Here, for contrast—or is it contrast?—is a more overtly humorous exchange that covers, with its humor, one of the emphasized points in the book:
“He doesn’t make a very good statue does he? Let me implore you, ladies and gentlemen, when you go into that tent, for your own good, look at her only in the mirror. It is very distressing for us always to have one or two customers turned to stone at every performance, besides being very difficult to explain to the police. So, once again, I ask you to look only at the medusa’s reflection, not at the lady herself.”
John Rogers tweaked the hem of the doctor’s gown. “We wanta see the big bear, doc, me and the wife and the kids. Which tent is it in?”
Doctor Lao frowned down on the plumber. “Whatsa mattah allee time talkee talk bear business? Me no savee bear business. You no like this Gloddam show, you go somewhere else.” The doctor spread wide his arms and swept on in his discourse:
“Possibly the strangest of all the animals in this menagerie, and certainly one which none of you should miss seeing, is that most unique of all beings, the hound of the hedges.”
(The “bear business” is itself another of the Mysteries, but so is the Doctor and so is his way of reacting to questions about certain things.)
Well, do we want for irony and sarcasm? Then…
“But here was this hound, product of no trial and error process, lacking lust, unhampered by ancestral fears and instincts. And I wondered if in this hound of the hedges were not to be found the apogee of all that life could ever promise. For here were beauty and gentleness and grace; only ferocity and sex and guile were lacking.
“And I wondered, Is this a hint of the goal of life?”
Doctor Lao reached in the cage and patted the hound’s head. The beast soughed like the murmur of wind in sycamore leaves.
“What the hell is the Chink talking about?” asked Quarantine Inspector Number One.
“I’ll be damned if I know,” said Quarantine Inspector Number Two. “Let’s go see the mermaid. That goddam dog looks like a fake to me, somehow.”
Finney was not so crude a writer as to envision every soul, even in benighted 1935 Abalone, Arizona, as a clod. Some of the commonest people, in any sense one wants to take that, are after all interesting and very often likeable. Larry Kamper has seen some of the world as an enlisted army man, and plans in time to see a lot more of it in the same way.

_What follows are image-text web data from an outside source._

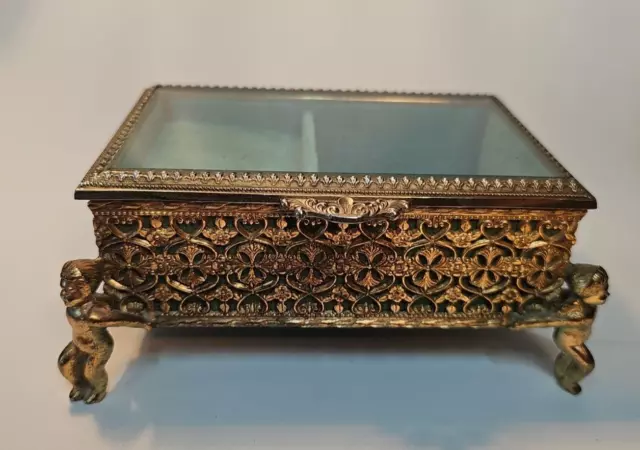 Music, Trinket box. Ormolu Filigree Golden Footed  , Song "Yesterday"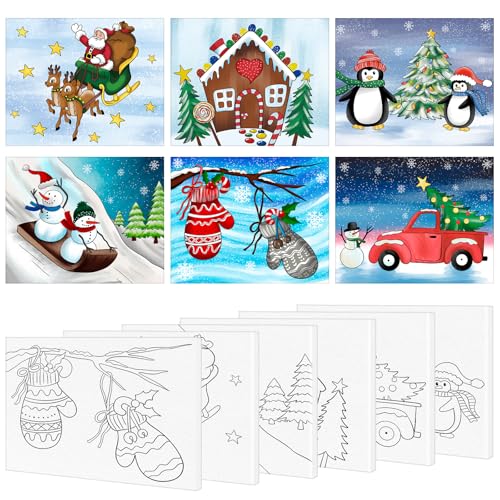 COCHIE 6 Pack 8x10 Inches Christmas Pre Drawn Canvas to Paint for Sip and Paint Party, X-mas Pre Printed Canvases, Peppermint Candy House Snowman Pre Sketched Canvas for Painting for Adults, Kids - size: 8x10 Inches, style: XMAS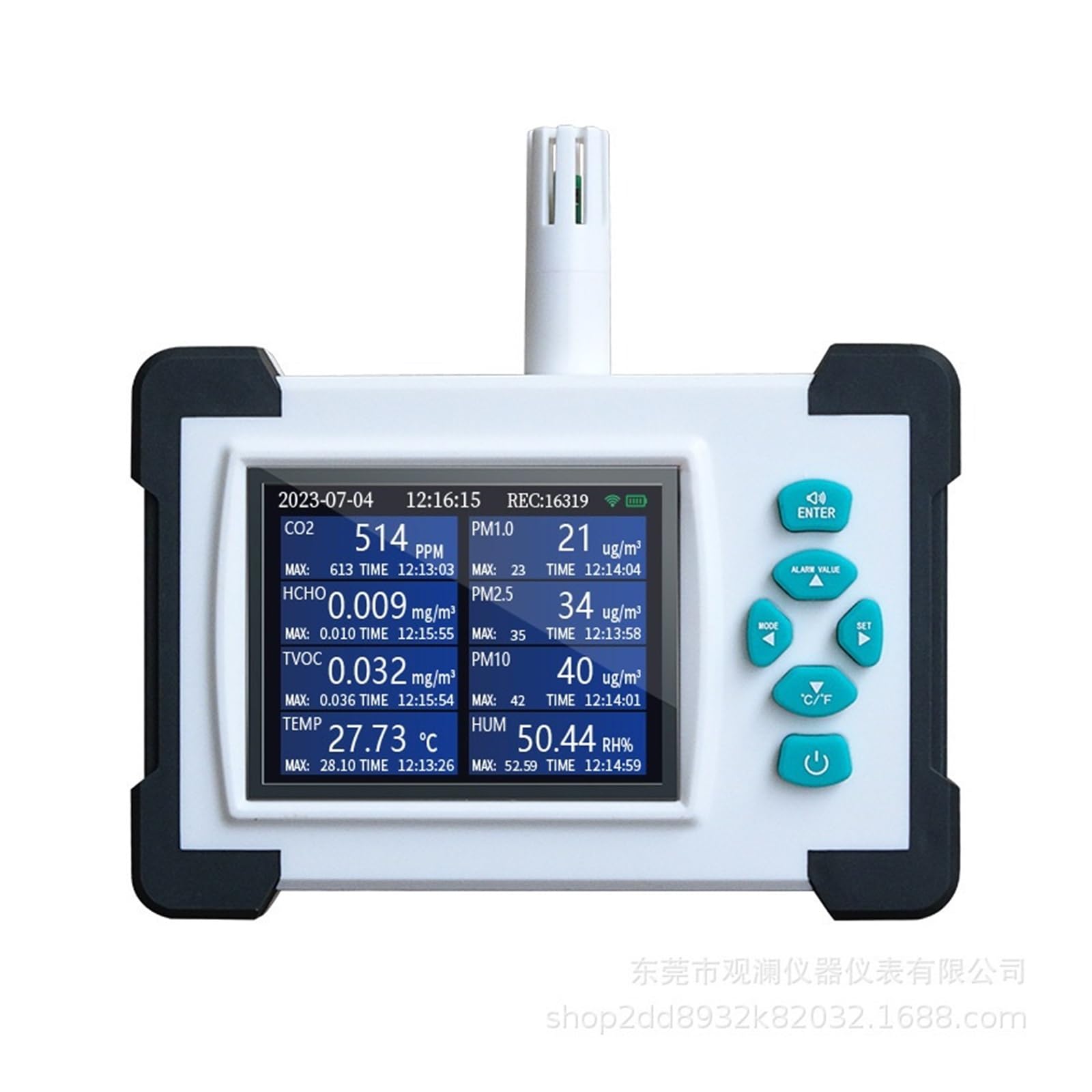 Monitor de calidad del aire 8 en 1, pantalla WiFi a color, detector de CO2 HCHO TVOC PM2.5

People laughed when Doctor Lao went up to Larry Kamper and addressed him in Chinese, but their laughs turned to stupefaction when Larry replied in the vowel-fluid music of High Mandarin. He sang the four-tone monosyllables as shrilly as did the doctor, and they talked as two strangers finding themselves in a foreign land with the bridge of a common language between them.
There is so much symbolic freight in that casual scene that I dare not essay it for fear of sheer length. (By the way, Finney spent some years in China, and apparently started writing the book while in Tientsin in 1929.) And here’s just one more sample from it:
“Will chimeras breed in captivity?” asked the lawyer.
“Oh, certainly,” said the doctor. “They breed any time. This fellow here is always trying to get at the sphinx.”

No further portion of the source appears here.